[Opening Extracted entries section]

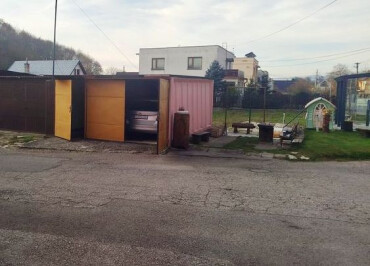 Menšia časť garáže na prenájom na uskladnenie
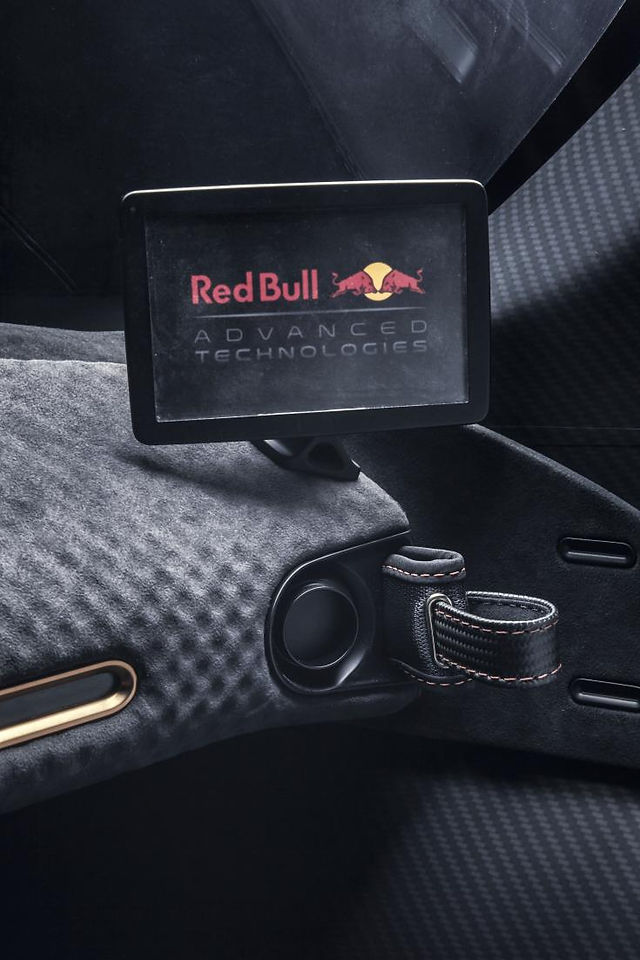 aston valkyrie
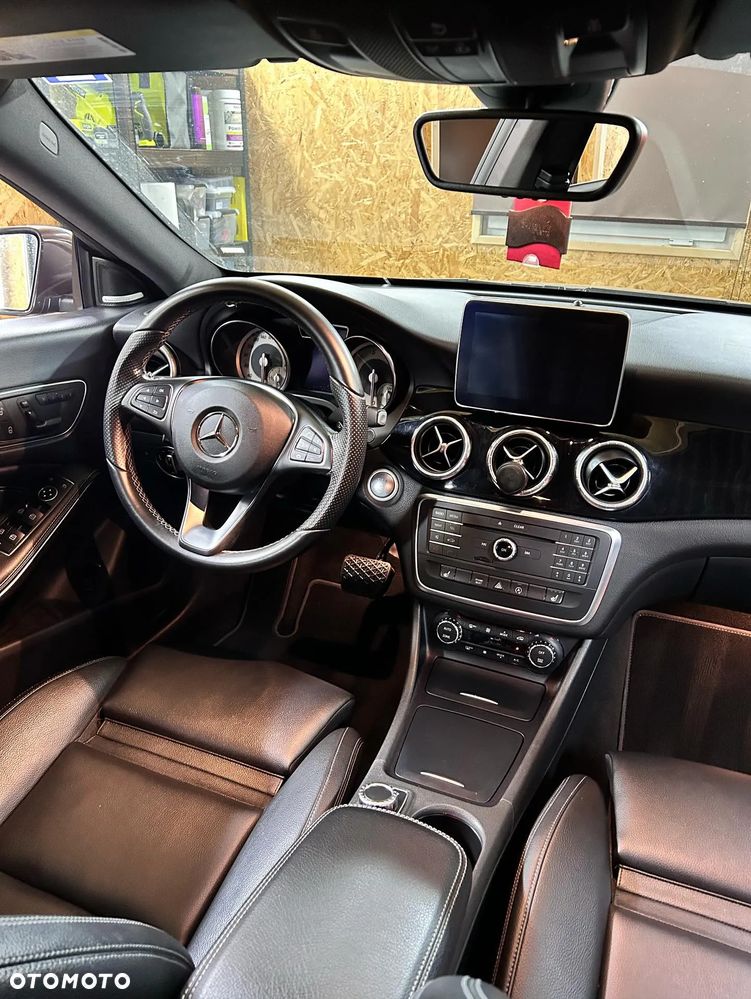 Mercedes-Benz CLA - 13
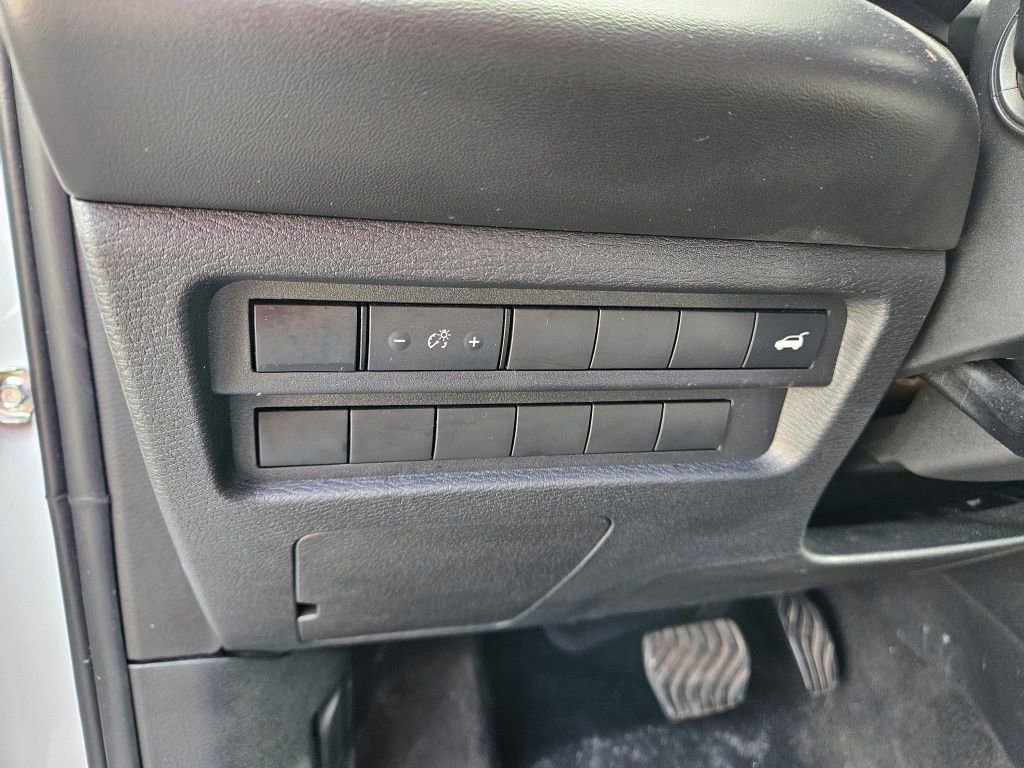 Used 2024 Mitsubishi Outlander SE FWD image 19
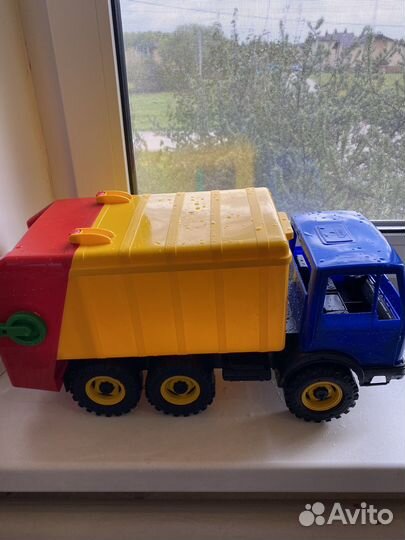 Большая машина игрушка мусоровоз Лена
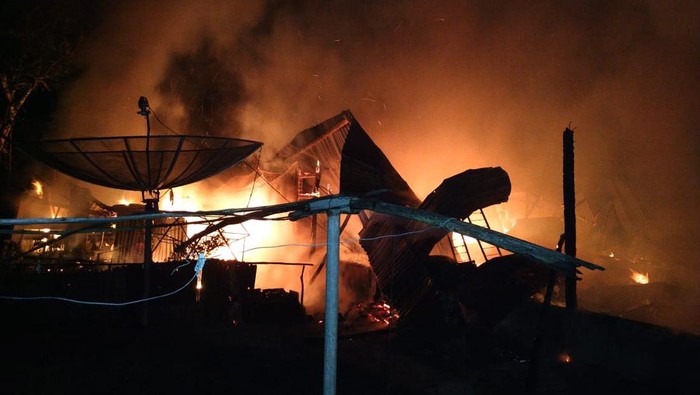 Rumah warga di Belitung dibakar anaknya yang sedang mabuk.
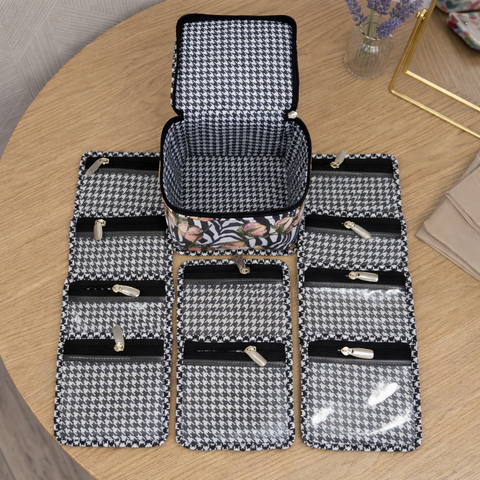 SAVANNA SAFARI BLOOM PRINT EARRING ORGANIZER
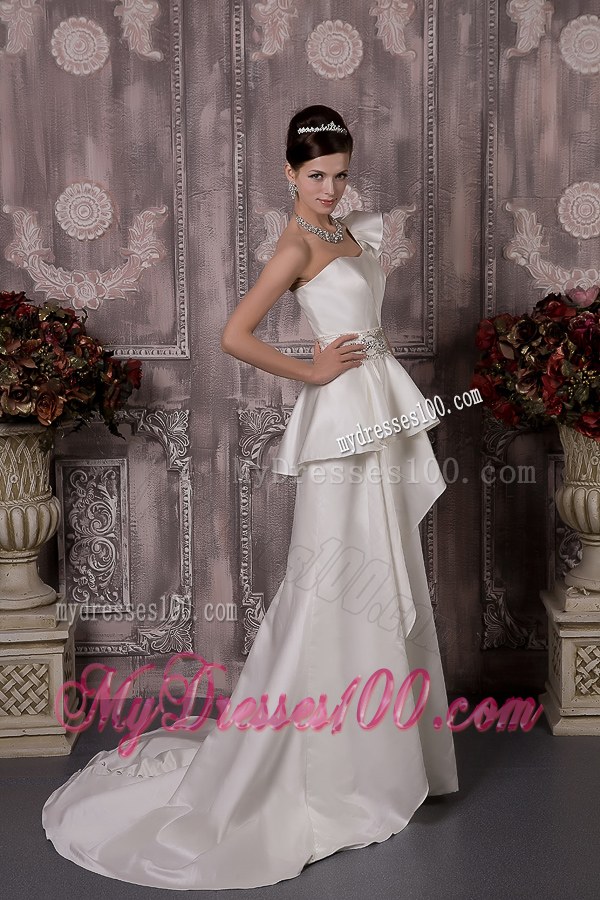 Ruffled One Shoulder Wedding Bridal Gowns with Brush Train and Beading Waist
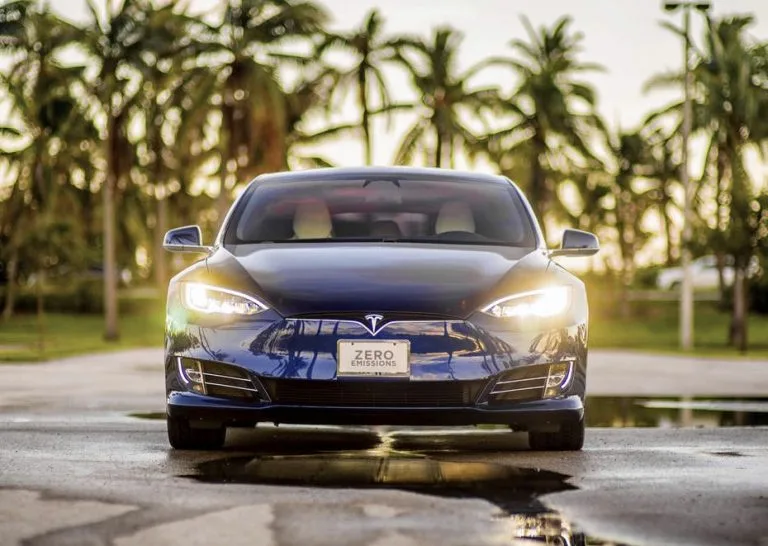 Tesla Model S — детали внешнего вида или интерьера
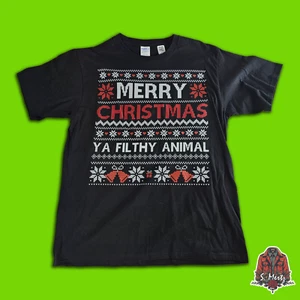 Mens NEW Black Large "Merry Christmas Ya filthy Animal" Short sleeve 100% Cotton - Picture 1 of 3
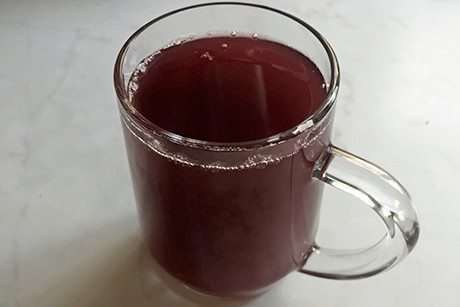 Eistee mit Aronia
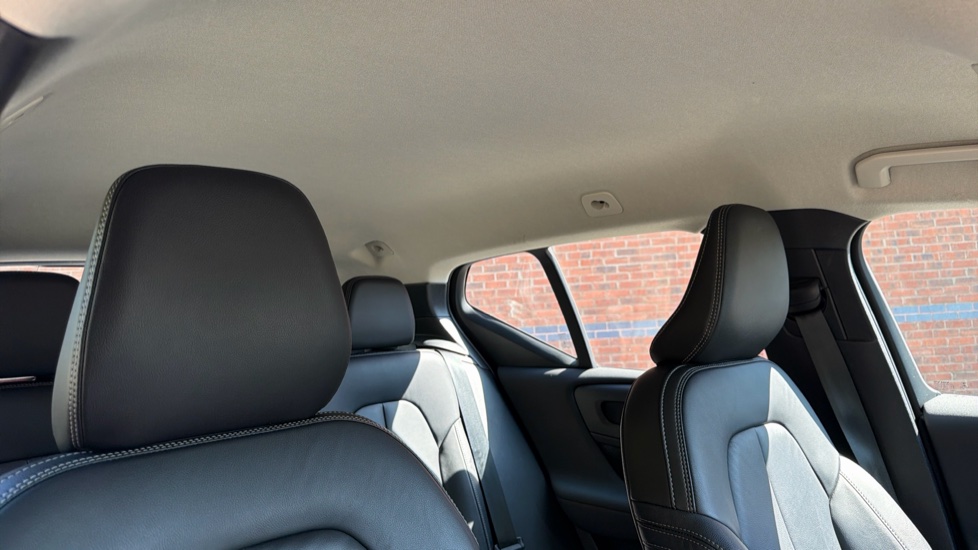 Volvo XC40 1.5 T3 [163] Momentum 5dr Geartronic Petrol Estate - Image 30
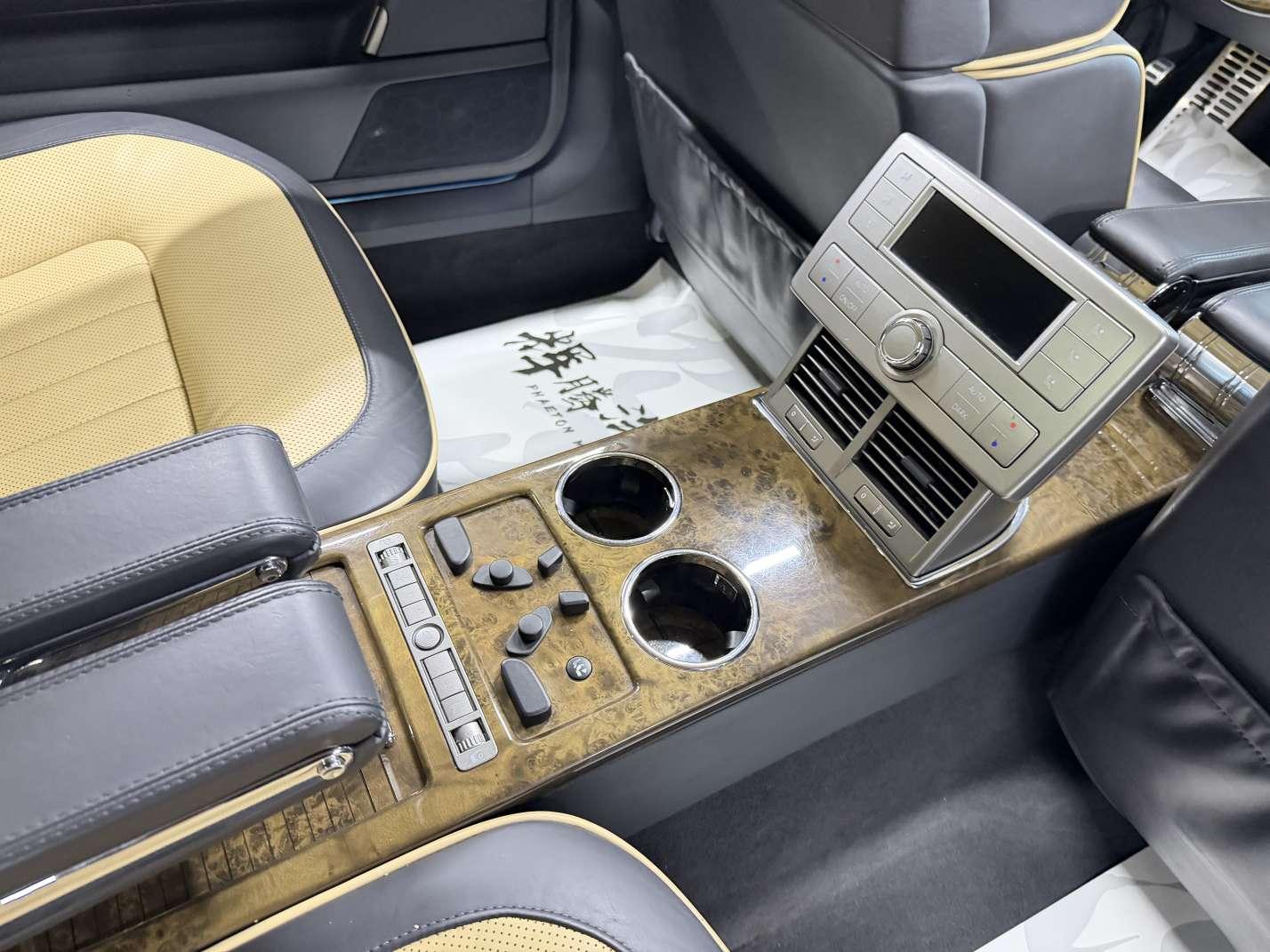 Volkswagen Phaeton 2012 thumb 12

[Closing Extracted entries section]

Exercise description:
Above are the records; copy every one of them exactly and omit the images.

Result:
 Menšia časť garáže na prenájom na uskladnenie
 aston valkyrie
 Mercedes-Benz CLA - 13
 Used 2024 Mitsubishi Outlander SE FWD image 19
 Большая машина игрушка мусоровоз Лена
 Rumah warga di Belitung dibakar anaknya yang sedang mabuk.
 SAVANNA SAFARI BLOOM PRINT EARRING ORGANIZER
 Ruffled One Shoulder Wedding Bridal Gowns with Brush Train and Beading Waist
 Tesla Model S — детали внешнего вида или интерьера
 Mens NEW Black Large "Merry Christmas Ya filthy Animal" Short sleeve 100% Cotton - Picture 1 of 3
 Eistee mit Aronia
 Volvo XC40 1.5 T3 [163] Momentum 5dr Geartronic Petrol Estate - Image 30
 Volkswagen Phaeton 2012 thumb 12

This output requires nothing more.